GIVEN INFORMATION »

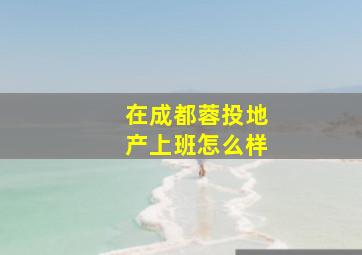 在成都蓉投地产上班怎么样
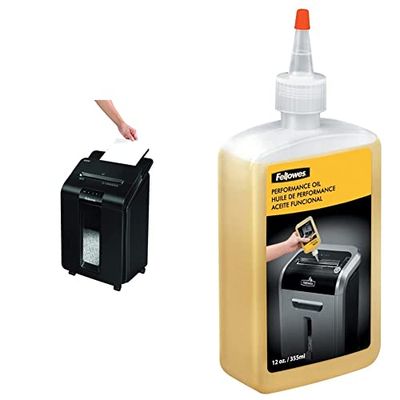 Fellowes distruggi documenti ibrido a miniframmento 100M, 100 fogli, cestino da 23 litri + Olio Lubrificante per Distruggidocumenti, 355 ml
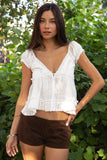 Aveline V-neck Boho Top (White)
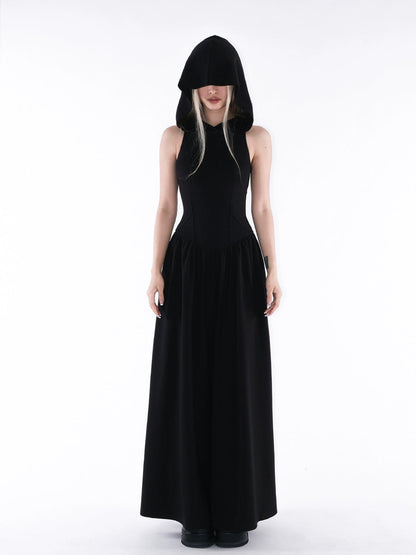 gothic hooded maxi dress - sleeveless black floor-length gown with attached hood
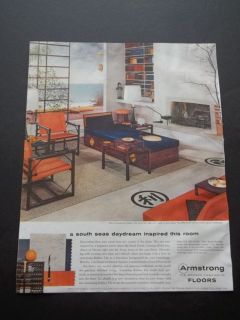 Advertising Retro Armstrong Rubber Tile Flooring Vintage 1957 Print Ad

WORK REQUEST » Reproduce the span beginning at the line with "Fellowes distruggi documenti" and ending at the last line of the entries above, inclusive, exactly as it stands. Exclude the pictures.

RESPONSE TO THE EXERCISE »
 Fellowes distruggi documenti ibrido a miniframmento 100M, 100 fogli, cestino da 23 litri + Olio Lubrificante per Distruggidocumenti, 355 ml
 Aveline V-neck Boho Top (White)
 gothic hooded maxi dress - sleeveless black floor-length gown with attached hood
 Advertising Retro Armstrong Rubber Tile Flooring Vintage 1957 Print Ad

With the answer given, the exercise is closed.